Mit Anfang dreißig hatte Ulrike Meinhof erreicht, wovon andere träumten. Doch 1970 ließ sie dieses Leben hinter sich, um in den Untergrund zu gehen. Von nun an galt sie als "Stimme der RAF" - und als "Staatsfeind Nr. 1". Ein radikaler Schnitt, der bis heute schwer nachvollziehbar scheint. Alois Prinz folgt ihren Lebensspuren, von der Kindheit im Dritten Reich bis zu ihrem Tod in Stammheim. Er lässt dabei Zeitzeugen sprechen und präsentiert schwer zugängliches und bisher unveröffentlichtes Material. Mit gebotener Distanz erzählt er ein Leben, in dem sich die Nachkriegsgeschichte der Bundesrepublik spiegelt und das zugleich fundamentale Fragen politischer Ethik aufwirft. Ein Urteil über den Menschen Ulrike Meinhof überlässt er dabei dem Leser.
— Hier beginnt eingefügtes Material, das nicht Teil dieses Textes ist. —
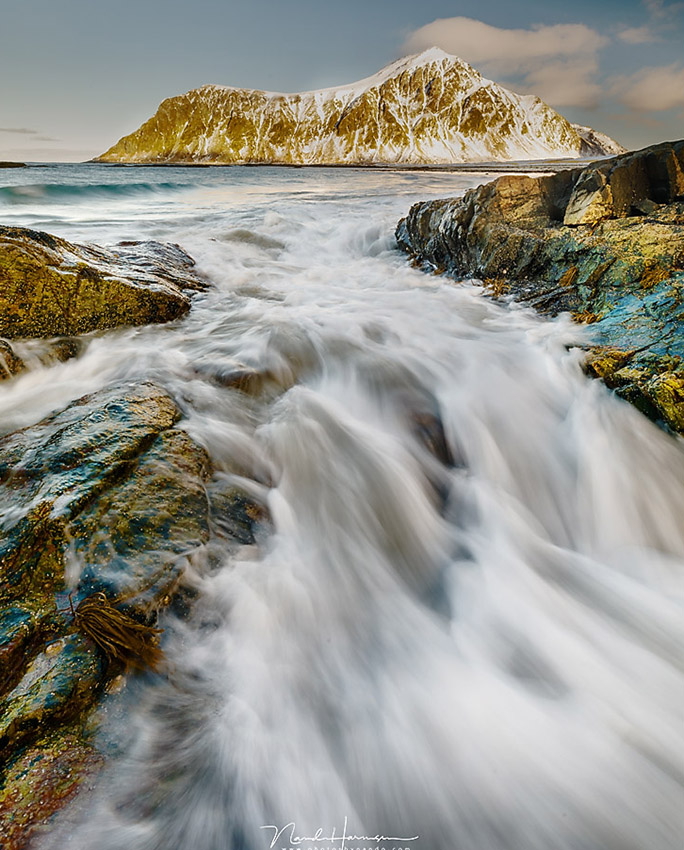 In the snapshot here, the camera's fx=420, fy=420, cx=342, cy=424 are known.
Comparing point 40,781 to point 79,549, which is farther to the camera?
point 79,549

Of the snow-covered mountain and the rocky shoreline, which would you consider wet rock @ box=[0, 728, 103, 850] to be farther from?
the snow-covered mountain

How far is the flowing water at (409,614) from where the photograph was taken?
1704mm

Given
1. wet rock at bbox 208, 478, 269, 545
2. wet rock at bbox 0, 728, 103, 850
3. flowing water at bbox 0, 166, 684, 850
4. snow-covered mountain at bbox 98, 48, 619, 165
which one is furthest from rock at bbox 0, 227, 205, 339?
snow-covered mountain at bbox 98, 48, 619, 165

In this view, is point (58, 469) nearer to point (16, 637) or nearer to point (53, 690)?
point (16, 637)

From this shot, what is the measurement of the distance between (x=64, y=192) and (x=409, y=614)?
94.1 ft

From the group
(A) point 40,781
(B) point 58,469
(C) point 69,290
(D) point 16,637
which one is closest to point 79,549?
(D) point 16,637

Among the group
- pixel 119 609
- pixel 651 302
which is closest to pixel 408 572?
pixel 119 609

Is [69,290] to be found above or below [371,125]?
below

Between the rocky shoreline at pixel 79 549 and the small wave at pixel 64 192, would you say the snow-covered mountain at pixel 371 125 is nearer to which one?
the small wave at pixel 64 192

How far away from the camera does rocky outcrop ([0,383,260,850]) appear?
1.48 meters

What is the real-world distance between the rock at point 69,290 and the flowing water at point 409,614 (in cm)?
32

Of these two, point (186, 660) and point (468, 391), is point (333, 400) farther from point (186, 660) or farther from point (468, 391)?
point (186, 660) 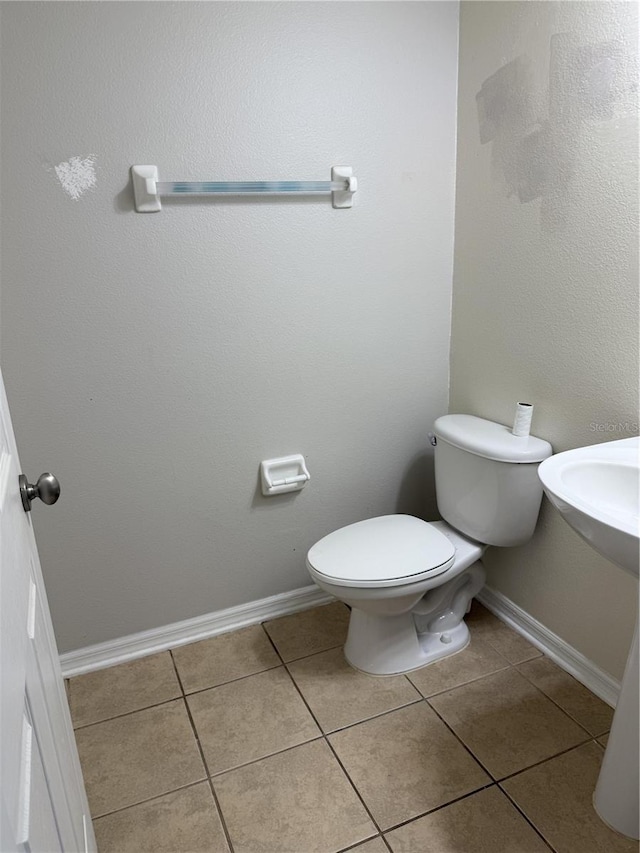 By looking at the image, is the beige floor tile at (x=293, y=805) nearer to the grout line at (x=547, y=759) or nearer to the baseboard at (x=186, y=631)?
the grout line at (x=547, y=759)

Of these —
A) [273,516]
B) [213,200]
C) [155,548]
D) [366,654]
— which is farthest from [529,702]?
[213,200]

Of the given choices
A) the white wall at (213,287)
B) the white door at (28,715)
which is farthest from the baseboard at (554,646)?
the white door at (28,715)

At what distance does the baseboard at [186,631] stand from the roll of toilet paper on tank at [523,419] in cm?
89

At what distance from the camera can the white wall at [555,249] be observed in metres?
1.44

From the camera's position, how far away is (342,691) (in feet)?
5.76

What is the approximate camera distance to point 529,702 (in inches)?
66.2

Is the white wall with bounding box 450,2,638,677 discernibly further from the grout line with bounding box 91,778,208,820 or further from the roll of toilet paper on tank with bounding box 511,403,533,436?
the grout line with bounding box 91,778,208,820

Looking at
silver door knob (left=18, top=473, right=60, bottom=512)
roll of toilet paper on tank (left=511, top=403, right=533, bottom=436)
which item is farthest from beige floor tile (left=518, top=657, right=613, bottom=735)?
silver door knob (left=18, top=473, right=60, bottom=512)

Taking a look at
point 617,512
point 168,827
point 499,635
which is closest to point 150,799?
point 168,827

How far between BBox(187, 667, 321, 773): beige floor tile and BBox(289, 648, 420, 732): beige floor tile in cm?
4

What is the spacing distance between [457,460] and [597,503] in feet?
1.84

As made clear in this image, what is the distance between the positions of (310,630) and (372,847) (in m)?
0.76

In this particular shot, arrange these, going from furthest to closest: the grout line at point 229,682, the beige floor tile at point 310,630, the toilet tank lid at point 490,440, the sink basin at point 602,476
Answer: the beige floor tile at point 310,630
the grout line at point 229,682
the toilet tank lid at point 490,440
the sink basin at point 602,476

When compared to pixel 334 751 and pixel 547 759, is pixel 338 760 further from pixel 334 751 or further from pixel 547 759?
pixel 547 759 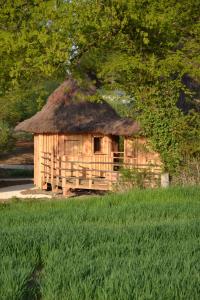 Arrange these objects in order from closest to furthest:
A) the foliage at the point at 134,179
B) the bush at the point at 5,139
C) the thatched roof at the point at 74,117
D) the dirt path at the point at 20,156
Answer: the foliage at the point at 134,179
the thatched roof at the point at 74,117
the bush at the point at 5,139
the dirt path at the point at 20,156

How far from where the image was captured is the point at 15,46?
18.9 meters

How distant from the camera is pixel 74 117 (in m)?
27.4

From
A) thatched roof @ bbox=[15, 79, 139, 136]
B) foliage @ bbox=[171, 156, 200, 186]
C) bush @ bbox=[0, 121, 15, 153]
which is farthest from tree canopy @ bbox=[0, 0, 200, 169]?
bush @ bbox=[0, 121, 15, 153]

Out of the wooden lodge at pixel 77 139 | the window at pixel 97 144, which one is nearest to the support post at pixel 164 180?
the wooden lodge at pixel 77 139

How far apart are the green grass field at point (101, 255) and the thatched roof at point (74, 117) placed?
13.8 meters

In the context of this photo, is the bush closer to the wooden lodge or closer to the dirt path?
the wooden lodge

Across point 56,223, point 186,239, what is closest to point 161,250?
point 186,239

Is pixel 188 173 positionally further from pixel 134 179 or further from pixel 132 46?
pixel 132 46

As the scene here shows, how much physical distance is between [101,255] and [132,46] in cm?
1321

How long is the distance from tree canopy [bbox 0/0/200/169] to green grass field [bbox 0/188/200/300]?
658 centimetres

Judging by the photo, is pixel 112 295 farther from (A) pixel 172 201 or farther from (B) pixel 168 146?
(B) pixel 168 146

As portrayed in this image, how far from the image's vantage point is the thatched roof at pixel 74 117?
26656mm

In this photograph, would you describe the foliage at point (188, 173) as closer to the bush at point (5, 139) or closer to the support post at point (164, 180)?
the support post at point (164, 180)

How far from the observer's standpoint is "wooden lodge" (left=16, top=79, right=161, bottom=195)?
26.1 metres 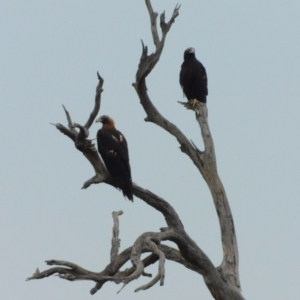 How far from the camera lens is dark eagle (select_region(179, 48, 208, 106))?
10977 millimetres

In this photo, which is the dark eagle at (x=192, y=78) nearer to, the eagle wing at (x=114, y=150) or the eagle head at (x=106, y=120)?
the eagle head at (x=106, y=120)

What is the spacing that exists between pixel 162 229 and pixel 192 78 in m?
3.39

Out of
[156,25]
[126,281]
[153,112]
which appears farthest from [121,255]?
[156,25]

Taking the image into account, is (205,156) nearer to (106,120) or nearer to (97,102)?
(97,102)

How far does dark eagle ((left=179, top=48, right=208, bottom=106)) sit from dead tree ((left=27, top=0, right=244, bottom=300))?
1.30 m

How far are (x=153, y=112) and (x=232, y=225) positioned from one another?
1.47m

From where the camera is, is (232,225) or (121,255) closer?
(121,255)

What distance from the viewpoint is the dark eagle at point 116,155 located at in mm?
8867

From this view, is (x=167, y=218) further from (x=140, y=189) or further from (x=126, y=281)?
(x=126, y=281)

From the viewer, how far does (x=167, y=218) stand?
336 inches

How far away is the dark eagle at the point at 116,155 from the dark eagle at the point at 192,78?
1374 millimetres

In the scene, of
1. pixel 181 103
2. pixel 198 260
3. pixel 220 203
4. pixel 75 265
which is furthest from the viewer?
pixel 181 103

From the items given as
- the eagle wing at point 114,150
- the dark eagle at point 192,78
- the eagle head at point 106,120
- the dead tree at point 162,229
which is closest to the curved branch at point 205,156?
the dead tree at point 162,229

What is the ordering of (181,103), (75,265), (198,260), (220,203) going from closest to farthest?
1. (75,265)
2. (198,260)
3. (220,203)
4. (181,103) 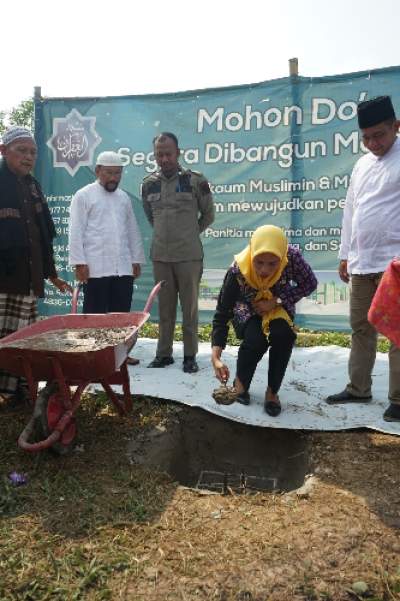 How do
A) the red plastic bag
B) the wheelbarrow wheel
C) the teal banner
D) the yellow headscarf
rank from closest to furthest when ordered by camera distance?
1. the red plastic bag
2. the wheelbarrow wheel
3. the yellow headscarf
4. the teal banner

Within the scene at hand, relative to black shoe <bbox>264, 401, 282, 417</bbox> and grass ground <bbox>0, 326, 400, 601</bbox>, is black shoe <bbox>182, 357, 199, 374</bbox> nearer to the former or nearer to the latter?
black shoe <bbox>264, 401, 282, 417</bbox>

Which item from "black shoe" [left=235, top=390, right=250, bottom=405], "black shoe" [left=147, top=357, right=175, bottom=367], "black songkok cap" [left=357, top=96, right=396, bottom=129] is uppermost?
"black songkok cap" [left=357, top=96, right=396, bottom=129]

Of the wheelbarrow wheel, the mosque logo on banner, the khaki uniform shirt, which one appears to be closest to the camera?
the wheelbarrow wheel

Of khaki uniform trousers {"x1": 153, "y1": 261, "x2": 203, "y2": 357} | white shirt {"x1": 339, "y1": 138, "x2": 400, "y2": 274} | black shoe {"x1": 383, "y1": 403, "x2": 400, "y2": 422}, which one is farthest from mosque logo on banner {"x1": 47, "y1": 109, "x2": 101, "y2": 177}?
black shoe {"x1": 383, "y1": 403, "x2": 400, "y2": 422}

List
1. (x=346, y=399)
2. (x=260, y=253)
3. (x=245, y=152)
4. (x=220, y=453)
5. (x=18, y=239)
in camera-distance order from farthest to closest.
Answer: (x=245, y=152), (x=346, y=399), (x=18, y=239), (x=220, y=453), (x=260, y=253)

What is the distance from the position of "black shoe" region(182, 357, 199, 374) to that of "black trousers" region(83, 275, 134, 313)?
0.75 meters

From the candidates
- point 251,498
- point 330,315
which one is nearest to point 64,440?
point 251,498

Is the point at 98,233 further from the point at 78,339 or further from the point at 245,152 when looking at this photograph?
the point at 245,152

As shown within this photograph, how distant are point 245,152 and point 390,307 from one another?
13.0 feet

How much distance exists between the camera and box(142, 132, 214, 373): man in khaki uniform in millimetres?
4746

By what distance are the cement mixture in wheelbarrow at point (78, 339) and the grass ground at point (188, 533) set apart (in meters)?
0.60

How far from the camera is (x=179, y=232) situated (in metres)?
4.74

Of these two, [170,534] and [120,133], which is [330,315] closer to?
[120,133]

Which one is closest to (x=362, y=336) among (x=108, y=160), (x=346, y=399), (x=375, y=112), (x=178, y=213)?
(x=346, y=399) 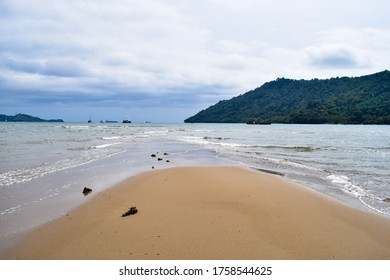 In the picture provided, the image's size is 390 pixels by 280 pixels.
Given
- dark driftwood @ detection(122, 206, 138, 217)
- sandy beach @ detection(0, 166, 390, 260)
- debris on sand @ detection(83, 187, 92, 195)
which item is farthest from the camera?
debris on sand @ detection(83, 187, 92, 195)

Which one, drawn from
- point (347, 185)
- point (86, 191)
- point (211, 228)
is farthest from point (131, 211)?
point (347, 185)

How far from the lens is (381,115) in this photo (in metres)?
161

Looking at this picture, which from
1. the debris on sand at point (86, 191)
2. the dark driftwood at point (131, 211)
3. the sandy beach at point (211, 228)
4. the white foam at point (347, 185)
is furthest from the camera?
the white foam at point (347, 185)

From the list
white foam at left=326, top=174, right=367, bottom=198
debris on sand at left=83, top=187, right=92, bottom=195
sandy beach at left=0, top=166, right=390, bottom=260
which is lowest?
white foam at left=326, top=174, right=367, bottom=198

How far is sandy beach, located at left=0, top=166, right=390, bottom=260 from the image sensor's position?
5.43m

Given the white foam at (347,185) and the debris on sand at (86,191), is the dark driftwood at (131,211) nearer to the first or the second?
the debris on sand at (86,191)

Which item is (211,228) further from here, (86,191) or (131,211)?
(86,191)

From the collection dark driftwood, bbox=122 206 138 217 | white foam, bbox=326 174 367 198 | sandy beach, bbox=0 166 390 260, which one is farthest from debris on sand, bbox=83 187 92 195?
white foam, bbox=326 174 367 198

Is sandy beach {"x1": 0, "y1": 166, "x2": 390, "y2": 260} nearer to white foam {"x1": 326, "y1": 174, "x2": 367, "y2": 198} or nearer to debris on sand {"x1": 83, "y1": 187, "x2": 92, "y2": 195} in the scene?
debris on sand {"x1": 83, "y1": 187, "x2": 92, "y2": 195}

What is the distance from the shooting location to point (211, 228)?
6.55 m

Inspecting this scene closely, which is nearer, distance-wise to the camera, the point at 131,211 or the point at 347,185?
the point at 131,211

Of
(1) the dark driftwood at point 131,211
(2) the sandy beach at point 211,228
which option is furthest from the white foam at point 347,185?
(1) the dark driftwood at point 131,211

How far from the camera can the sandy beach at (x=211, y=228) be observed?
5.43 m

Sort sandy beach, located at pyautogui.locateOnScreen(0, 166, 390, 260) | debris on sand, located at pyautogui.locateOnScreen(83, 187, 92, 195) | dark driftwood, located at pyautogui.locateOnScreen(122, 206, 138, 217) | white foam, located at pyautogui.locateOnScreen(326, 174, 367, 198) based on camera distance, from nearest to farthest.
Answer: sandy beach, located at pyautogui.locateOnScreen(0, 166, 390, 260), dark driftwood, located at pyautogui.locateOnScreen(122, 206, 138, 217), debris on sand, located at pyautogui.locateOnScreen(83, 187, 92, 195), white foam, located at pyautogui.locateOnScreen(326, 174, 367, 198) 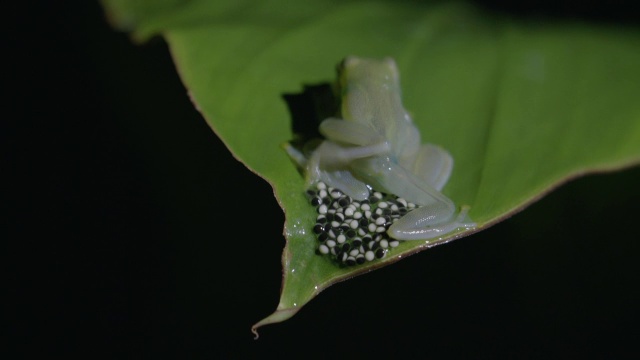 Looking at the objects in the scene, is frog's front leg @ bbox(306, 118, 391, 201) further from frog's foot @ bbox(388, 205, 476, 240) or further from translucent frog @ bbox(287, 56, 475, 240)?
frog's foot @ bbox(388, 205, 476, 240)

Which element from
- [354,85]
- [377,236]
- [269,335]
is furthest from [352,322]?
[354,85]

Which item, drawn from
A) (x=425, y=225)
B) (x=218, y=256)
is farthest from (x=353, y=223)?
(x=218, y=256)

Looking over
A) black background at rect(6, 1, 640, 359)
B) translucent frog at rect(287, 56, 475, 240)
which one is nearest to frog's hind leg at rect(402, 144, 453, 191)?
translucent frog at rect(287, 56, 475, 240)

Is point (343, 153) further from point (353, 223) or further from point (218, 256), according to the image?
point (218, 256)

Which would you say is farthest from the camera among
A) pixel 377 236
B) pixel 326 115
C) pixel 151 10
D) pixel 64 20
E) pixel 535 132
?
pixel 64 20

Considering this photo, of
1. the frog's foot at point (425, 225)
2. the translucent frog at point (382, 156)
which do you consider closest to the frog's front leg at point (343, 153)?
the translucent frog at point (382, 156)

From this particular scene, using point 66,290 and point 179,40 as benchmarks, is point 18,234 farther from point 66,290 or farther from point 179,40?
point 179,40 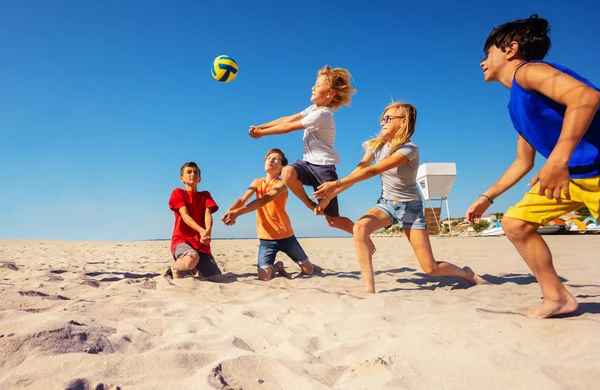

Perlentaucher-Notiz zur NZZ-Rezension
Christina Thurner lobt diese Ulrike-Meinhof-Biografie von Alois Prinz für sein "unentwegtes Verstehen-Wollen", ohne die Terroristin Meinhof zu verurteilen oder auch zu verteidigen. Gerade für Jugendliche, die ja "die Ereignisse selbst nicht mehr mitbekommen" haben, ist die Art wichtig, wie sie erzählt werden, findet sie. Hier hält sie Prinz zugute, dass er den Leser regelrecht an die Orte führt, wo Meinhof gelebt und als Journalistin gearbeitet hat, wo sie sich politisch engagierte, wo sie verhaftet wurde und wo sie später starb. Eine gründliche Recherche war für diese Arbeit notwendig, glaubt Thurner. Wie sie findet, beschreibt Prinz die gesellschaftlichen und geschichtlichen Zusammenhänge "jugendgerecht ausführlich" und rüttelt an "festgefahrenen Feindbildern", statt Meinhof als gesellschaftlich verdammte "Antiheldin" in die Geschichte eingehen zu lassen.